Pictures with short captions
════════

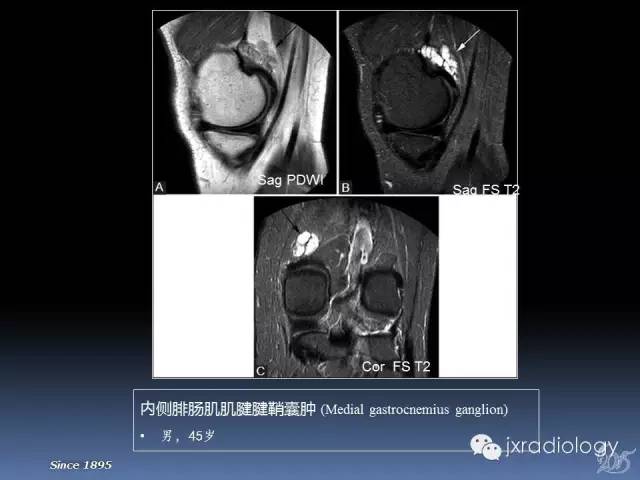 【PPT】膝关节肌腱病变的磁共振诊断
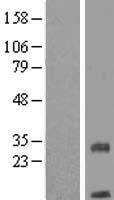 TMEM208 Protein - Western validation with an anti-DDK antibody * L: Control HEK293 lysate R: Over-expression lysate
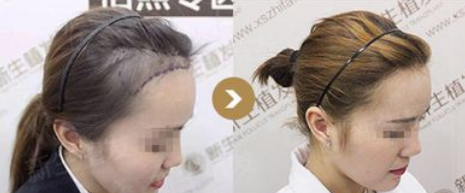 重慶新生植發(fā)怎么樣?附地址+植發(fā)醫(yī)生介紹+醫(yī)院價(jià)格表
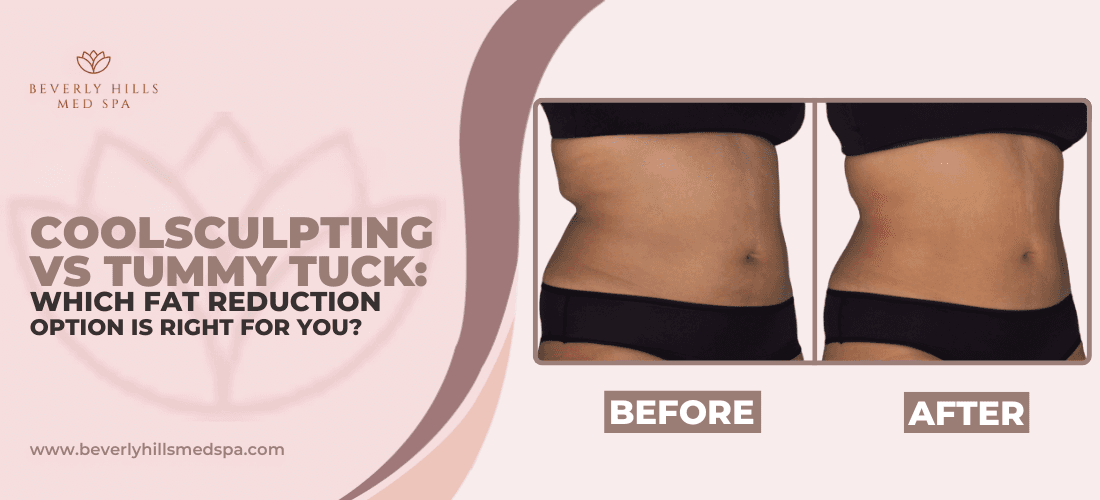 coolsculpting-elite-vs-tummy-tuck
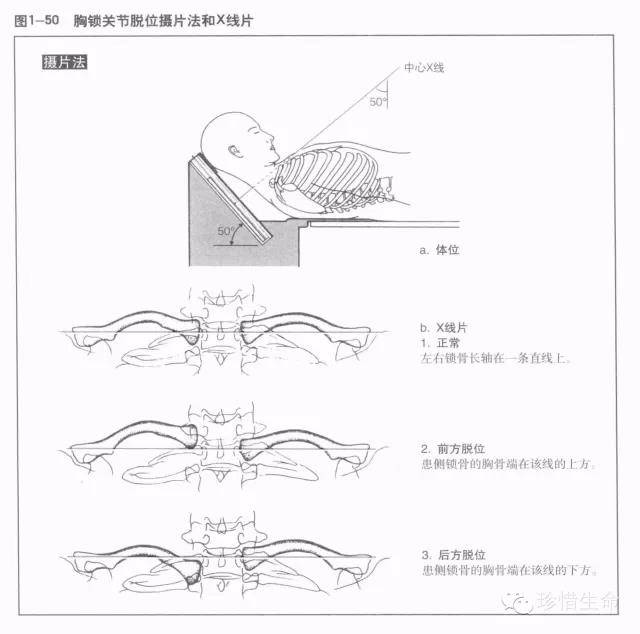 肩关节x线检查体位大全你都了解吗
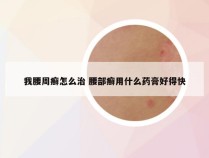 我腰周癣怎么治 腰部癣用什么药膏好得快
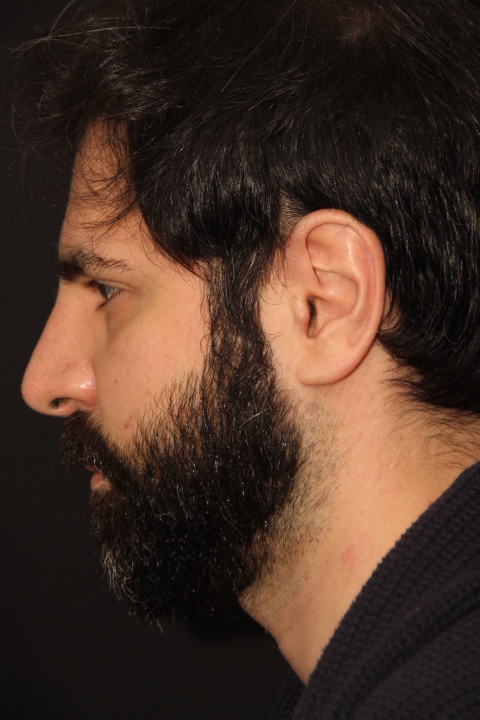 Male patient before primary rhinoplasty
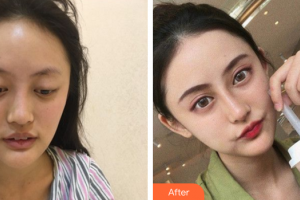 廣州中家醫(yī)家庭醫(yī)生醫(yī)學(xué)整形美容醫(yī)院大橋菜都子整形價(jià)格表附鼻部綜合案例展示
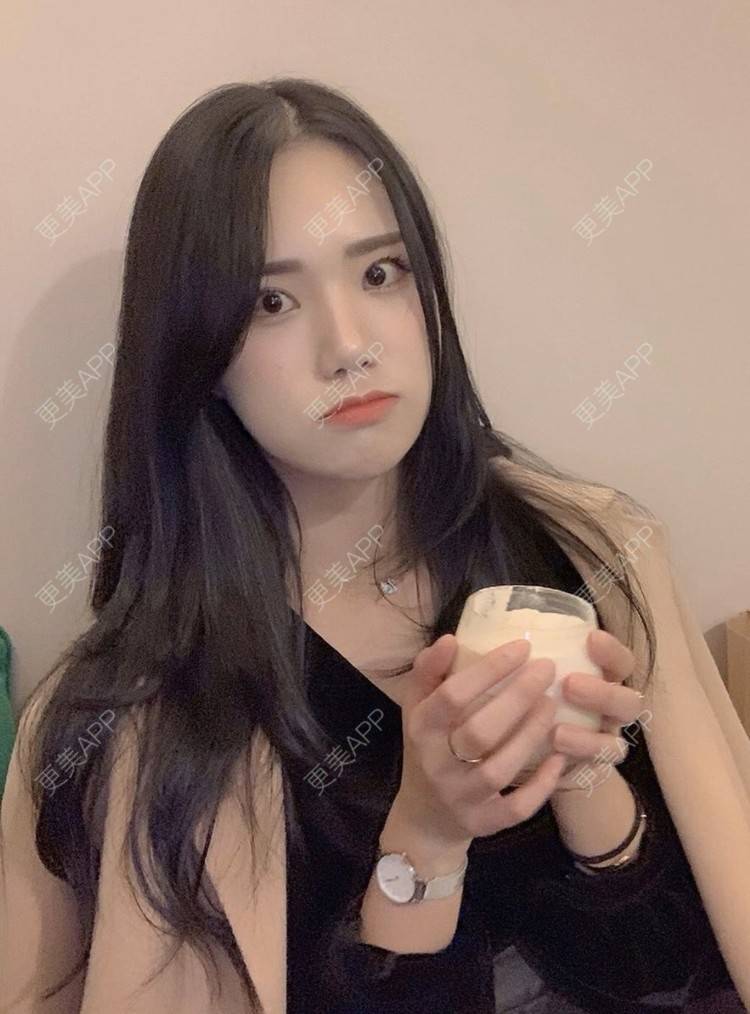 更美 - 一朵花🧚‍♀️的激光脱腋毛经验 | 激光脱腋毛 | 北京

════════

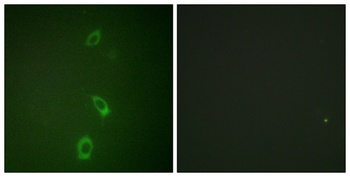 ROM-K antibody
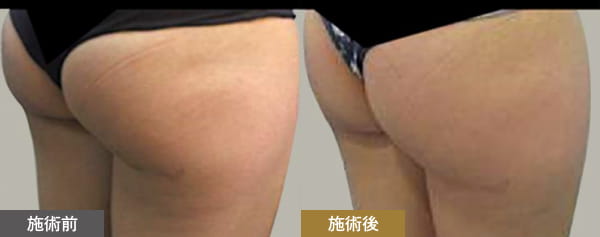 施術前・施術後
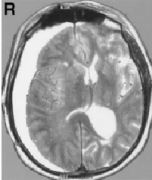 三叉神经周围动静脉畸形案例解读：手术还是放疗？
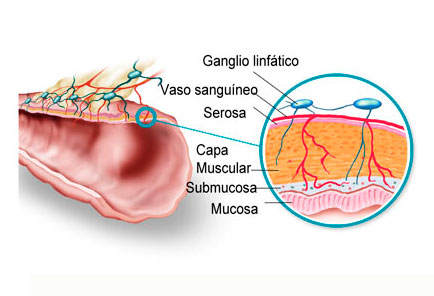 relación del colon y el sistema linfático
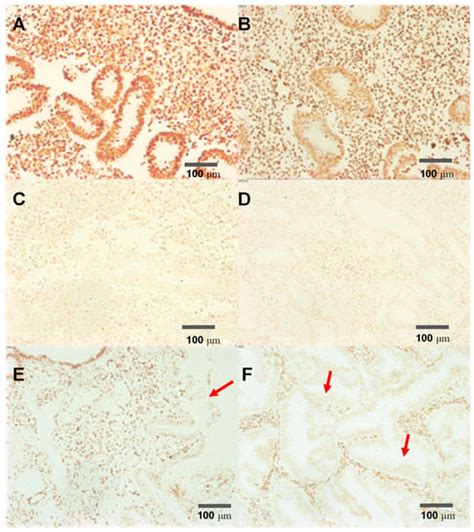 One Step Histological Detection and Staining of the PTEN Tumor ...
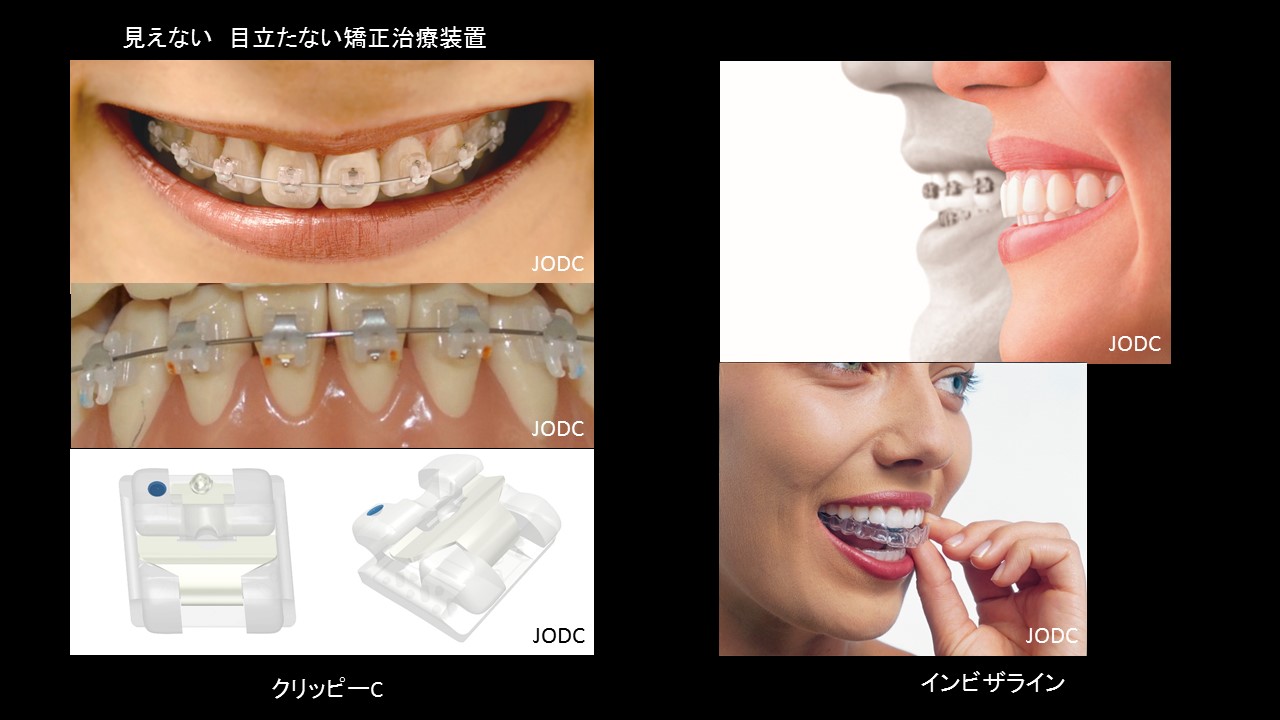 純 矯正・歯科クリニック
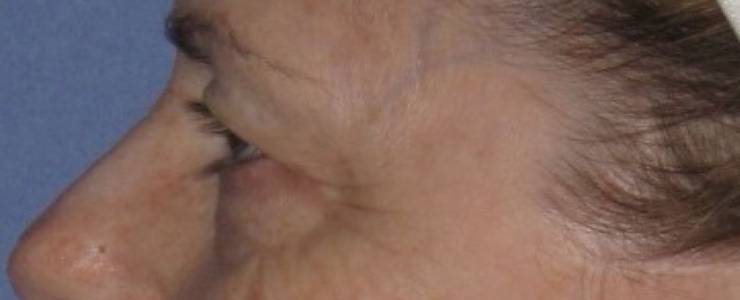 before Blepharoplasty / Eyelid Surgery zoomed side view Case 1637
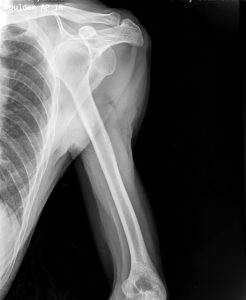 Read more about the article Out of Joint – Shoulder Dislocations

════════

Task requirements:
Transcribe only this stretch of the data: the line with "One Step Histological", the line with "Read more about", and every line in between. Leave out the pictures.

Task answer:
 One Step Histological Detection and Staining of the PTEN Tumor ...
 純 矯正・歯科クリニック
 before Blepharoplasty / Eyelid Surgery zoomed side view Case 1637
 Read more about the article Out of Joint – Shoulder Dislocations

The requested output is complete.